### WORK ORDER
Beginning with the line that holds "NE555 Pulse Generator" in the data below, give again every line through the one that holds "Custom Keychain Metal", exactly as written.
########################################
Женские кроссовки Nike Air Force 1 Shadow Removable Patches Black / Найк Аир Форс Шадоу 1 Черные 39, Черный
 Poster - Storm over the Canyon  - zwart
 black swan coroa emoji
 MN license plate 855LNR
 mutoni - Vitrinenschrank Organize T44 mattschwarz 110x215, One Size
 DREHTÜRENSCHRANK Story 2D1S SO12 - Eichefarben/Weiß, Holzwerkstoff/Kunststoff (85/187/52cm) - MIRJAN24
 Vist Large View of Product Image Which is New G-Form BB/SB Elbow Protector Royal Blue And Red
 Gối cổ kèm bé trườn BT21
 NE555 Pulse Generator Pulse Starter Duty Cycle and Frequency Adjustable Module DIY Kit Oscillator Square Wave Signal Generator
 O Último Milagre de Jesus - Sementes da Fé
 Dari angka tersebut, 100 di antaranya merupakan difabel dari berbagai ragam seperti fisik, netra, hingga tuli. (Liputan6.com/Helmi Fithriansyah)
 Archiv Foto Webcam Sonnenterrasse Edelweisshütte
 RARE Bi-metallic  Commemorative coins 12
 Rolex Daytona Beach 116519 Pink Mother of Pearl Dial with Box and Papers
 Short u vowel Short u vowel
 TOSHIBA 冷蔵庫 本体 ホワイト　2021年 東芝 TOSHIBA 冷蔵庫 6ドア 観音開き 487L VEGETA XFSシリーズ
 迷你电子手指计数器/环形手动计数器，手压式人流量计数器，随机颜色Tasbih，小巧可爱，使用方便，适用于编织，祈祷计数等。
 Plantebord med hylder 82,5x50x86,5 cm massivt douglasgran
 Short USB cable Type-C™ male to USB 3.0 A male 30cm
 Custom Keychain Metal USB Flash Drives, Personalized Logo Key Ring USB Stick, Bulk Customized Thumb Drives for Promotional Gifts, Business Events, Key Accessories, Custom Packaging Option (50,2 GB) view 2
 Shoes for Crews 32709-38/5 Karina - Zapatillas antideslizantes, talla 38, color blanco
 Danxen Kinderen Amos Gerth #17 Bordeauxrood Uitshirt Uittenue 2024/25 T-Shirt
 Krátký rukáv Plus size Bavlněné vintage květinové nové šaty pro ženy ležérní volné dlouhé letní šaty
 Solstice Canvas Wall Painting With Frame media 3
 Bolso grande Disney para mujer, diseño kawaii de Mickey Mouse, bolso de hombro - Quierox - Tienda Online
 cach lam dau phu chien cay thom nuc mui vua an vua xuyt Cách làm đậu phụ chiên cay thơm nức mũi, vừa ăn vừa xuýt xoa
########################################
### FINISHED TASK
 NE555 Pulse Generator Pulse Starter Duty Cycle and Frequency Adjustable Module DIY Kit Oscillator Square Wave Signal Generator
 O Último Milagre de Jesus - Sementes da Fé
 Dari angka tersebut, 100 di antaranya merupakan difabel dari berbagai ragam seperti fisik, netra, hingga tuli. (Liputan6.com/Helmi Fithriansyah)
 Archiv Foto Webcam Sonnenterrasse Edelweisshütte
 RARE Bi-metallic  Commemorative coins 12
 Rolex Daytona Beach 116519 Pink Mother of Pearl Dial with Box and Papers
 Short u vowel Short u vowel
 TOSHIBA 冷蔵庫 本体 ホワイト　2021年 東芝 TOSHIBA 冷蔵庫 6ドア 観音開き 487L VEGETA XFSシリーズ
 迷你电子手指计数器/环形手动计数器，手压式人流量计数器，随机颜色Tasbih，小巧可爱，使用方便，适用于编织，祈祷计数等。
 Plantebord med hylder 82,5x50x86,5 cm massivt douglasgran
 Short USB cable Type-C™ male to USB 3.0 A male 30cm
 Custom Keychain Metal USB Flash Drives, Personalized Logo Key Ring USB Stick, Bulk Customized Thumb Drives for Promotional Gifts, Business Events, Key Accessories, Custom Packaging Option (50,2 GB) view 2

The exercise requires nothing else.